Scarborough could not live another month. It had been understood some
time, and was understood at the present moment; and yet Mr. Scarborough
went on living,--no doubt, as an invalid in the last stage of probable
dissolution, but still with the full command of his intellect and mental
powers for mischief. Augustus, suspecting him as he did, had begun to
fear that he might live too long. His brother had disappeared, and he
was the heir. If his father would die,--such had been his first
thought,--he could settle with the creditors immediately, before any
tidings should be heard of his brother. But tidings had come. His
brother had been seen by Mr. Hart at Monte Carlo; and though Mr. Hart
had not yet sent home the news to the other creditors, the news had been
sent at once to Augustus Scarborough by his own paid attendant upon his
brother. Of Mr. Hart's "little game" he did not yet know the
particulars; but he was confident that there was some game.

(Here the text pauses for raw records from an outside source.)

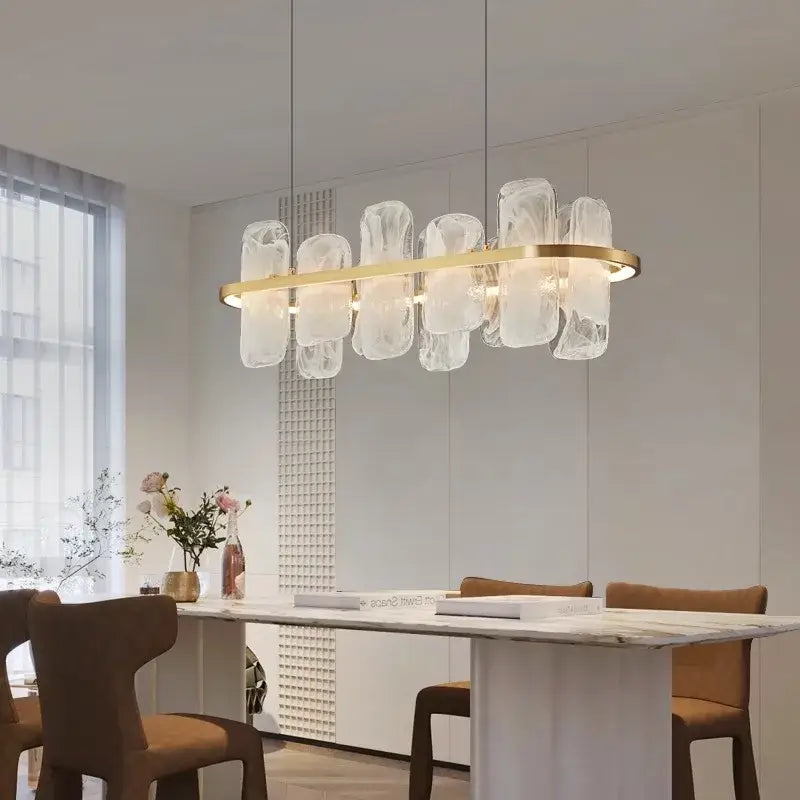 A decorbites led pendant light chandelier with a gold circular frame and translucent glass elements above dining table
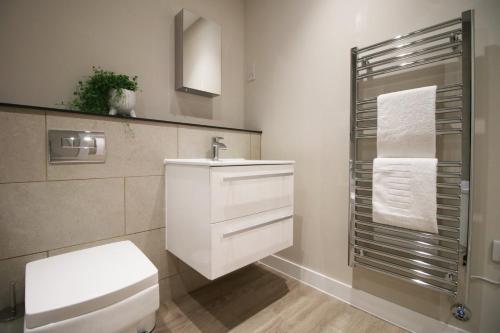 y baño con aseo blanco y lavamanos. en Casablanca 5 - Cardiff Bay - 1 Bed Apartment en Cardiff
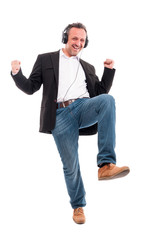 Happy man listening music and dancing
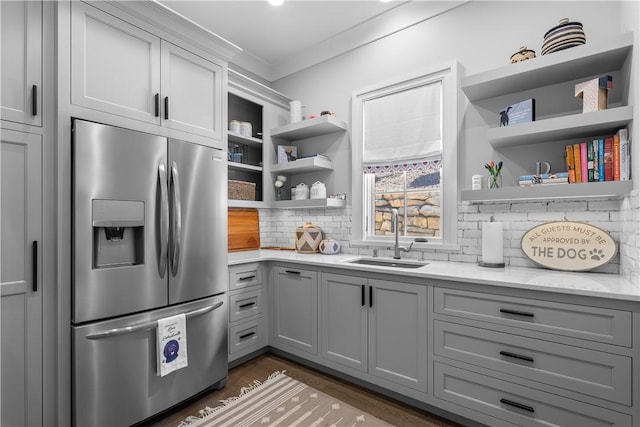 kitchen with a sink, open shelves, gray cabinets, and stainless steel fridge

Augustus by no means gave his mother credit for the disgraceful conduct
imputed to her in the story as now told by her surviving husband. It was
not that he believed in the honesty of his mother, whom he had never
known, and for whose memory he cared little, but that he believed so
fully in the dishonesty of his father. His father, when he had
thoroughly understood that Mountjoy had enveloped the property in debt,
so that nothing but a skeleton would remain when the bonds were paid,
had set to work, and by the ingenuity of his brain had resolved to
redeem, as far as the Scarboroughs were concerned, their estate from its
unfortunate position.

It was so that Augustus believed; this was the theory existing in his
mind. That his father should have been so clever, and Mr. Grey so blind,
and even Mr. Hart and Mr. Tyrrwhit so easily hoodwinked, was remarkable.

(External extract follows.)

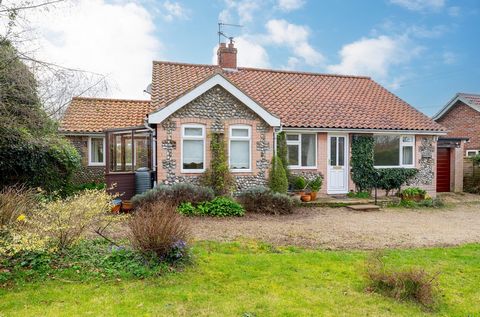 Set back from the road and sheltered from view by a hedgerow, this attractive brick and flint detached bungalow is located in the heart of the popular North Norfolk village of Bale. The living space comprises two/three bedrooms, a family bathroom, a ...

But so it was,--or might probably be so. He felt no assurance, but there
was ever present to him the feeling of great danger. But the state of
things as arranged by his father might be established by himself. If he
could get these creditors to give up their bonds while his father's
falsehood was still believed, it would be a great thing. He had learned
by degrees how small a proportion of the money claimed had, in fact,
been advanced to Mountjoy, and had resolved to confine himself to paying
that. That might now probably be accepted with gratitude. The increasing
value of the estate might bear that without being crushed. But it should
be done at once, while Mountjoy was still absent and before Mr. Tyrrwhit
at any rate knew that Mountjoy had not been killed. Then had happened
that accidental meeting with Mr. Hart at Monte Carlo. That idiot of a
keeper of his had been unable to keep Mountjoy from the gambling-house.